Bell, no less than he, was stunned. Emotional scenes were usual in the condemned cell. Until today, the prisoner had been unexampled in her self-control. Cold-blooded, she had seemed. Whatever was going on between these two-and it was not easy to divine-the meaning of what the prisoner had just said could not be plainer. Or bolder.
‘Simon,’ she said, ‘I would not ask you to say anything that was not true. Only to keep silent if the moment comes.’ She looked steadily into his eyes. ‘Will you do that for me?’
In a dazed voice he answered, ‘I do not know that I have your strength, Miriam.’
‘You are a man!’ she said again. ‘For me, you will be strong.’
He continued to look at her without saying anything.
‘Go now,’ she told him gently.
He nodded.
The prisoner’s face resumed its look of passivity, as if nothing more needed to be said.
Bell felt for the keys on her belt.
The governor cleared his throat. ‘You are, em, keeping well?’
‘Fit for work, sir,’ James Berry answered.
‘Very good. Let me see. When was it we last-’
‘April, sir.

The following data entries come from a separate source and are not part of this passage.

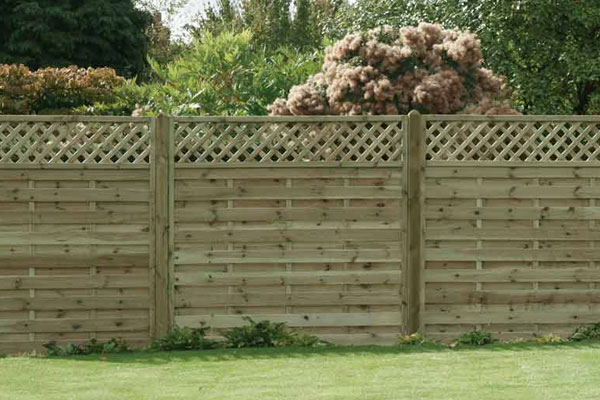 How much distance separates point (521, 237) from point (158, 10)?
1022 inches

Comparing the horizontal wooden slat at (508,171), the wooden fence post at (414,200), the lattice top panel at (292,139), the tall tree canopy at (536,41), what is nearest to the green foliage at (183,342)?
the lattice top panel at (292,139)

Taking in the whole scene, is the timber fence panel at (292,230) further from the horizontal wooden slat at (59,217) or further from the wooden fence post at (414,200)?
the horizontal wooden slat at (59,217)

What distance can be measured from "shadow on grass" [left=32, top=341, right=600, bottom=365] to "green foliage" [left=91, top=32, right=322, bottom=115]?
3.85m

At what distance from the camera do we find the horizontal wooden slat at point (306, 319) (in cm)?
820

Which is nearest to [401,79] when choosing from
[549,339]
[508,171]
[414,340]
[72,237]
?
[508,171]

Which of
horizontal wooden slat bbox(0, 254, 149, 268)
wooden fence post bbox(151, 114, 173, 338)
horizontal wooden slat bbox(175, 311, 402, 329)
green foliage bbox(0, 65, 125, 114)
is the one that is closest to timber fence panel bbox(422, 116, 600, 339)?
horizontal wooden slat bbox(175, 311, 402, 329)

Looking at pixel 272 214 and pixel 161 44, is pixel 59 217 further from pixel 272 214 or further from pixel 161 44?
pixel 161 44

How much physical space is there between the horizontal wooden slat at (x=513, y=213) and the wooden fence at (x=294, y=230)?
1 cm

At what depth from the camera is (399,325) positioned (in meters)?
8.34

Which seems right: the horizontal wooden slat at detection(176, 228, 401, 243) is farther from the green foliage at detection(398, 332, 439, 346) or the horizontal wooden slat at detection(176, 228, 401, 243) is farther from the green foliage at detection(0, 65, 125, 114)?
the green foliage at detection(0, 65, 125, 114)

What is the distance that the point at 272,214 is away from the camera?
26.8 feet

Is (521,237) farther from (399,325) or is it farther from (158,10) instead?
(158,10)

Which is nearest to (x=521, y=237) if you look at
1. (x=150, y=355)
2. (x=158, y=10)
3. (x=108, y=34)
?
(x=150, y=355)

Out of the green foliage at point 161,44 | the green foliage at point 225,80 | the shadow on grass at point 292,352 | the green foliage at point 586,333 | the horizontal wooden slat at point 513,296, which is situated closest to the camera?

Mason, the Stepney murderer.’
‘So it was,’ confirmed the governor with a sigh. Small talk with the hangman was a cheerless business. ‘Is, em, everything in order for Monday?’
Berry confirmed that it was. ‘I spent an hour in the execution shed this morning. Everything’s greased, sir. The traps drop nice and clean.’

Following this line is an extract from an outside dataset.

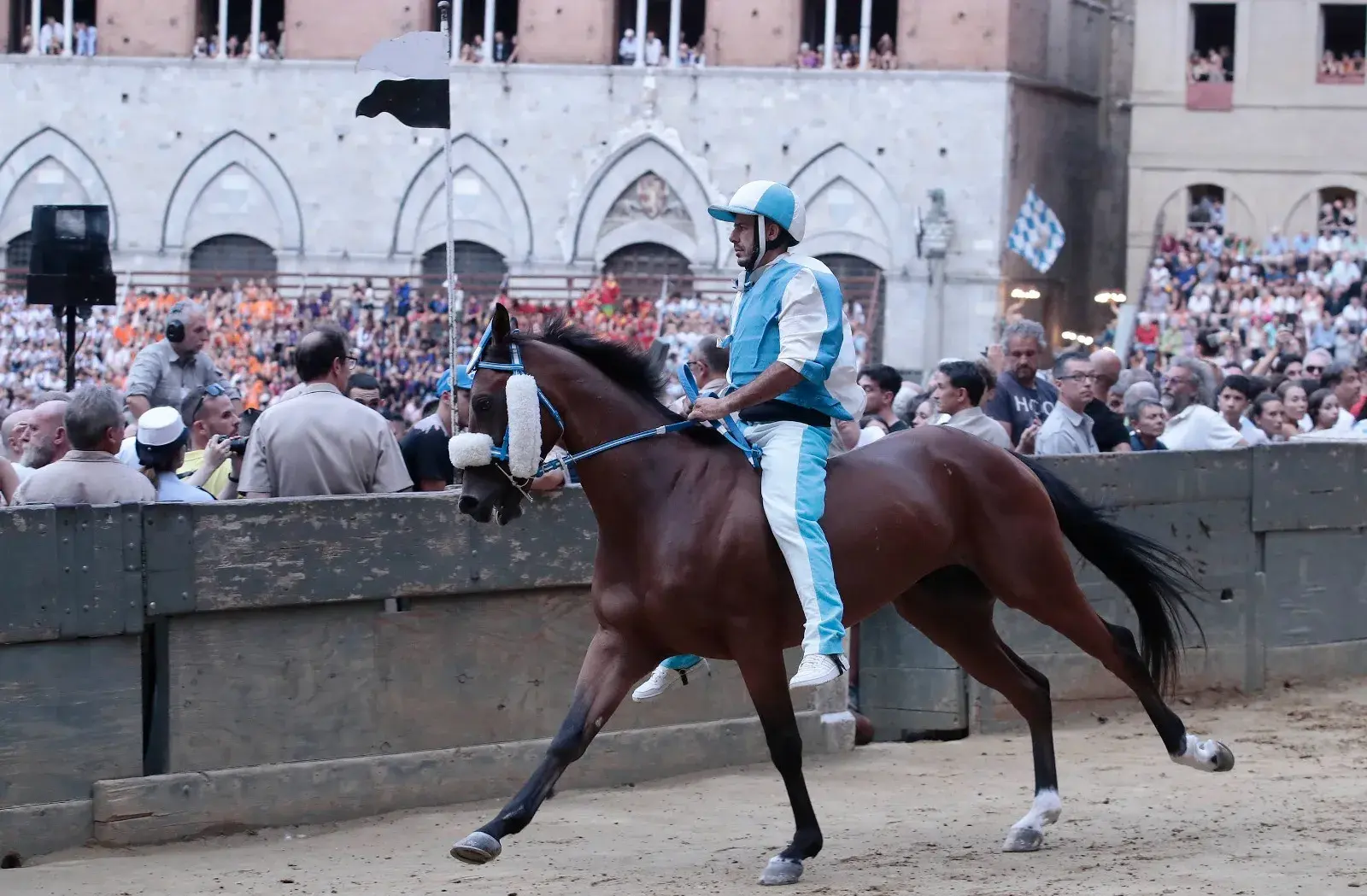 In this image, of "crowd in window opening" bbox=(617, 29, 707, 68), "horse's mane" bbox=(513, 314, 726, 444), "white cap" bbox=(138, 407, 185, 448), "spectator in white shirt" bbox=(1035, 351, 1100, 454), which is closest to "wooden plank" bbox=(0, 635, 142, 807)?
"white cap" bbox=(138, 407, 185, 448)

The governor nodded indulgently. Berry liked it to be known that he had checked the mechanism of the gallows. An unhappy episode in Exeter Gaol three years before, when the trap-doors had three times failed to operate, had left him sensitive to criticism. ‘You have the prisoner’s weight and height from the records, I am sure. Has there been an opportunity …?’
‘Watched her at exercise this morning, sir. I see no problem. I take it the wardresses will see that the hair is pinned up. No reason to cut it.’
‘That will be attended to.’
‘Thank you, sir. And I assume I may visit the prisoner on Sunday evening, according to custom?’